Allora il concetto di depressione economica era teoria da libro di storia, un qualcosa con cui si era sicuri nessun essere umano si sarebbe mai più scontrato; adesso che siamo nel 2009 dovessimo leggere una notizia del genere forse non ci sconvolgerebbe più di tanto.
Prima sessione di prove della prima prova del campionato del mondo di F1 1987, Gp del Brasile circuito di Jacarepagua, una padella rovente su cui correre un Gran Premio. Christian Danner è il primo a uscire dai box al volante della sua Zakspeed; non un filo di vento, non una nuvola se non a immaginarsela; solo luce accecante.
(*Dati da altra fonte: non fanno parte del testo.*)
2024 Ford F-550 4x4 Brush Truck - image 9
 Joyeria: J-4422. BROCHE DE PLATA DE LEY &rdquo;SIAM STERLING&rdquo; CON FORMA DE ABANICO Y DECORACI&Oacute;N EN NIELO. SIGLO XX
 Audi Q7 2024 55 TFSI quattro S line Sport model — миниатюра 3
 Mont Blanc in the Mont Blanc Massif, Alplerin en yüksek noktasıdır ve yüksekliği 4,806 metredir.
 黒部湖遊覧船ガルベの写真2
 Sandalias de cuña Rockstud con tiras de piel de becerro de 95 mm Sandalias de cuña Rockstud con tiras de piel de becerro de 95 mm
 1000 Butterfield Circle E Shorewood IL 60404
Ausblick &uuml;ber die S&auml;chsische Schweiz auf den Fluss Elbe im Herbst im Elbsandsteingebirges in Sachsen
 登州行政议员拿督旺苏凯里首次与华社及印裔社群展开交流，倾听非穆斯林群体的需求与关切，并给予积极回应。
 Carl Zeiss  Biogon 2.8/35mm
Non solo, il prezzo medio di un biglietto è proibitivo per la stragrande maggioranza della popolazione brasiliana. E durante quel primo giro di riscaldamento della sessione del venerdì mattina le tribune sono vuote, proprio vuote, nessuno, in nessun punto della pista.
Tanto evidente la situazione che Danner finisce per percorrere tutto il giro a velocità ridotta fregandosene di assetti e traiettorie, ma solo curiosando sugli spalti per individuare un essere umano capitato lì, magari per sbaglio.
Invece niente: solo il nulla.
Immagini e concetti che a distanza di venti anni o poco più potrebbero diventare paurosamente reali anche da noi.